Foundations of ranking algorithms of search engines
How are determined
results by search engines, including Google, Yahoo!, Bing?
Indeed, the SERPs (Search Engine Result Pages) are often misunderstood, prone to misinterpretation and hasty conclusions based on partial elements.
This study was based on documents provided by Google and analyzed by experts.
- There is a hierarchy of criteria
- Criteria for relevance
- Keywords in content
- Domain, directories and file names
- External links
- Panda and internal links
- Criteria for ranking
- Clicks on results
- Bounce factor
- Time spent on documentss
- Penguin and inbound links
There is a hierarchy of criteria
The results are built in two steps:
- The pages are first selected according to their relevance to queries.
- Then the selected results are ordered according to the score of the page.
Which includes the PageRank but also other criteria.
This hierarchy of criteria explains that a page with a high PageRank can be placed after other pages of lower PR, in the SERP.
Many webmasters concentrate all their efforts on positioning and forget the main part, relevance.
Criteria for relevance
As a first step, engines select pages that meet the search of the Net surfer, thus containing the keywords he has entered.
Keywords in content
The keywords in the page are used to determine the relevance to a request made by a Net surfer. Some words have more weight than others: those who are placed in title tags <h1>, <h2>, etc. those highlighted by the <strong> tag and those at top of the page.
The anchor is the text of a link to another page. The keywords in the anchor are used to determine the relevance of a page as well as keywords in the page.
"Anchors often provide more accurate descriptions of web pages than the pages themselves." Reference.
The language of the page is an essential criterion, for example french pages
are first selected by Google.fr, but lack of results makes pages in English
may also occur.
The ccTLD, the domain name extension promotes a site for search made by Internet users in this country. This is clear in the answers of Google to webmasters.
The fact that a domain name is associated with an IP address in a country improves the position because of proximity, which plays mainly on sales of articles. Some hosts offer the geolocation of the domain name for business.
Domain, directories and file names
Keywords in the domain name and in the path of the file are used to determine the relevance of a page as far as its content and that the anchors.

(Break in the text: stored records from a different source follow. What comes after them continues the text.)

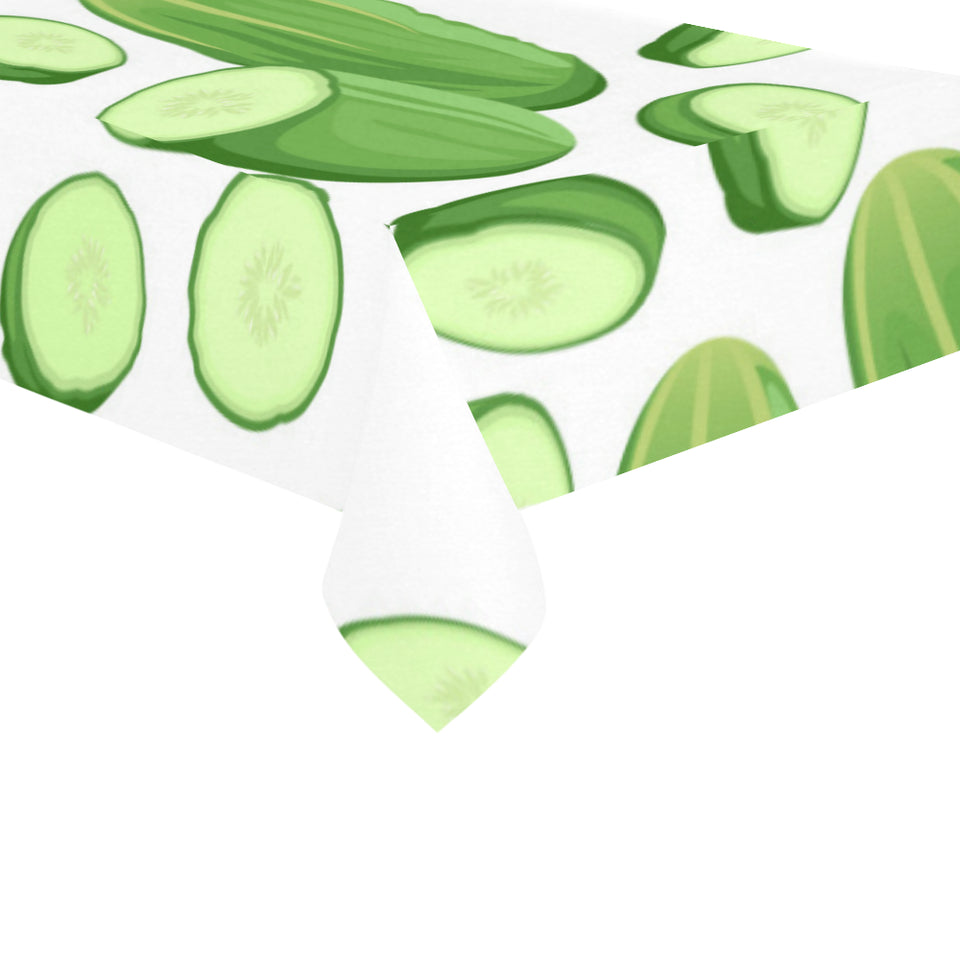 cucumber whole slices pattern Tablecloth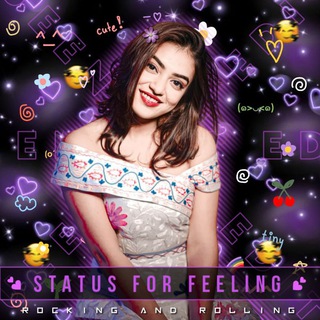 Logo of telegram channel status_for_feeling — ABI EDITZ 💝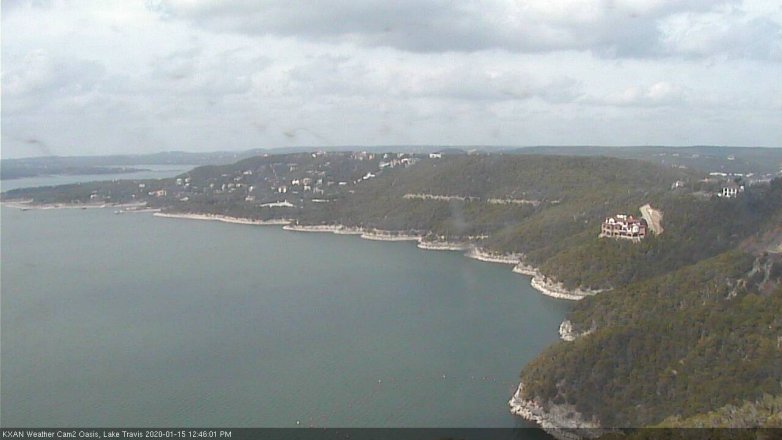 Lake Travis webcam, January 15, 2020 12:45 PM CT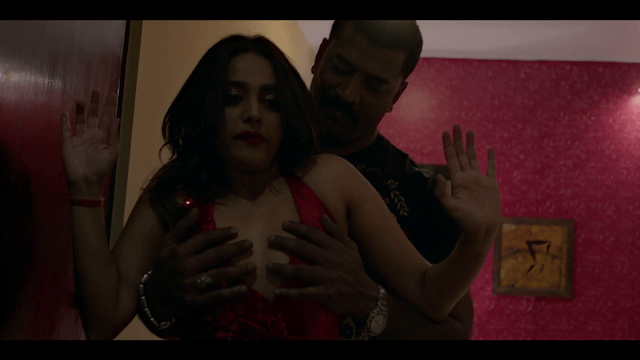 Swara Bhasker red halter-neck top Outfit Photos from OTT Web Series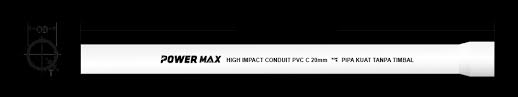 PIPA CONDUIT POWER PVC CONDUIT 2,9M D 20MM (AA)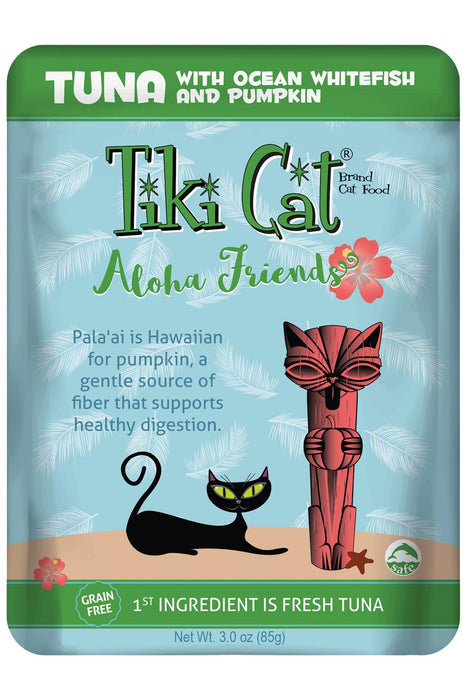 Tiki Cat Aloha Friends Tuna With Ocean Whitefish & Pumpkin Cat Food Pouch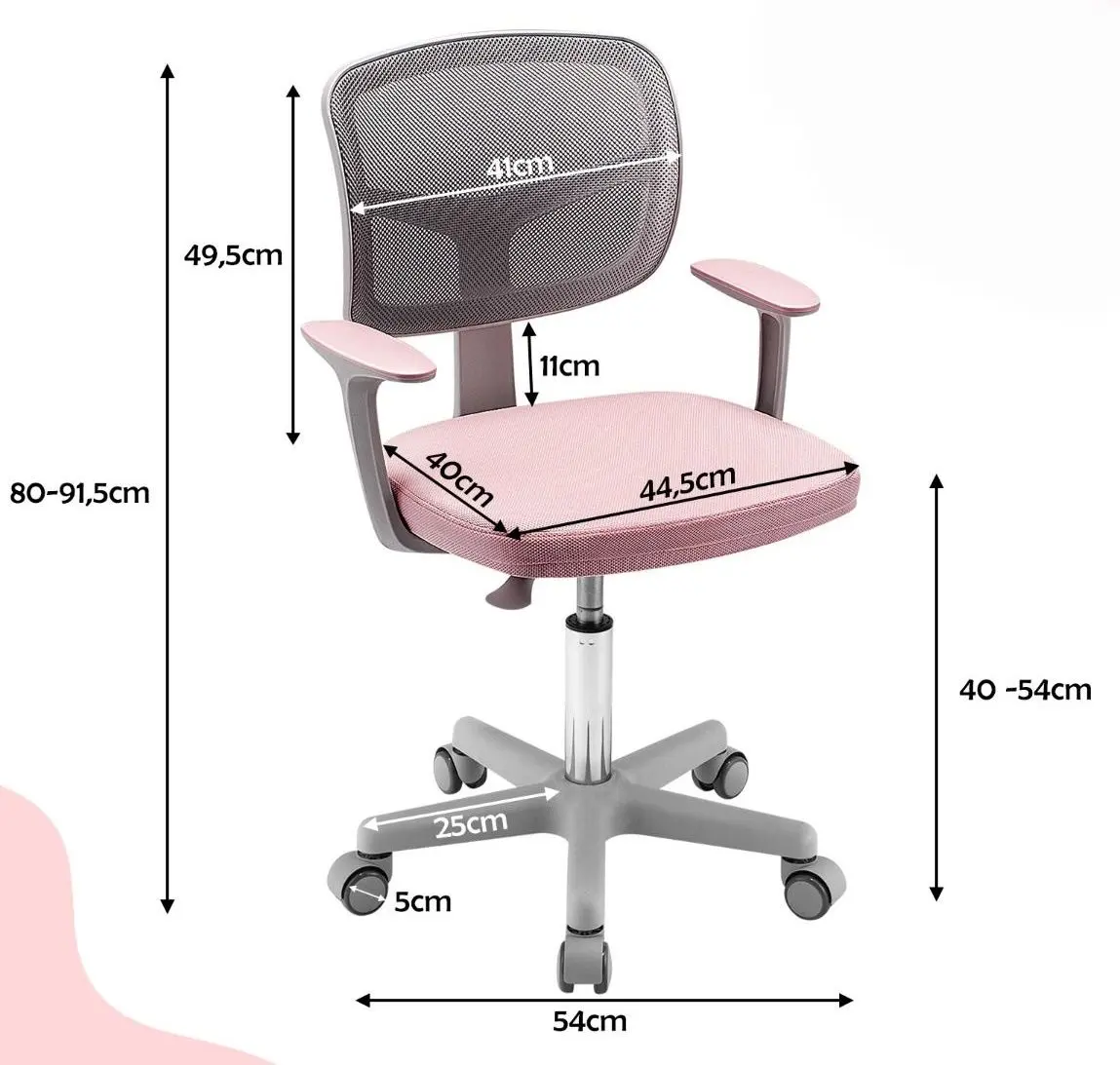 Fotoliu pentru copii Costway HY10252PK (Pink)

The topic of the site is presumed according to its domain name.
Goggle perhaps gives too much importance to the domain name. If you type eg BlogSmith in the search bar, you are entitled to a blank page on the site blogsmith.com. You must go to the second results page for information on what is this site.

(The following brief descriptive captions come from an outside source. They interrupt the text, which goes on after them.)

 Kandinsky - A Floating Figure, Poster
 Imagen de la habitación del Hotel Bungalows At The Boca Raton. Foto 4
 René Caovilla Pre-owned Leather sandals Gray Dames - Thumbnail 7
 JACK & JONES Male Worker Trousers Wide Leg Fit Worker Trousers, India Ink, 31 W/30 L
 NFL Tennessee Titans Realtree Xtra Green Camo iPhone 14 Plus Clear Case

Should we reduce the number of external links to transmit the PR to internal
This is not a good idea, primarily because external links are part of the content, so of the relevance of the page, and this comes before the PR which is a criterion of position. It is not difficult to find examples of pages with lots of external links and that are at the top of search results.

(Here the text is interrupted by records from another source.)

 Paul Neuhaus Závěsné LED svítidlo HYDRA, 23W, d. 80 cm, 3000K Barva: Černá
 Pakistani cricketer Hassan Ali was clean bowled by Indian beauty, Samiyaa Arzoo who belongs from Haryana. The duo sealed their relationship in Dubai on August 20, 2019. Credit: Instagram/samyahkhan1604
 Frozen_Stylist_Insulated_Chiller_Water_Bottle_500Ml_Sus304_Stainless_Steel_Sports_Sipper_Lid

Therefore do not hesitate to put many external links but avoid any form of exchanges which are detrimental to the confidence in your site. Links to bad sites also will devaluate the page, for engines as for users.
It is certain that external links should be avoided on the home page to keep visitors who discover the site.
Panda and internal links
The algorithm of "quality," said Panda devaluates a site when a part of its pages is deemed unoriginal, without any meaningful content. Internal links reinforce this negative score.
Criteria of ranking
After choosing a certain number of pages which can meet the request of a user, engines are trying to order the results. This ranking is obviously essential, most Internet users merely watch first results only and often the first page of results only.
For this positioning phase, search engines use criteria of popularity and trust.
Some sites are trusted and are very favored by search engines, more especially by minors engines that lack of content in their databases than by Google. You often see these sites appearing at top of results, sometimes even with empty pages!
The PageRank of a page is assigned depending on the weight of links on this page. It is both a score of popularity and trust. A popular page passes its score to the pages it links. The PR is the second criterion of position after the trustrank.
"PageRank: Bringing Order to the Web." Reference.
It is often said that PageRank does not have much importance yet, but Google strongly discourages webmaster practices of monetization of links that are intended to increase it, who risk to be penalyzed, so we must believe that this criterion is still essential for the engine.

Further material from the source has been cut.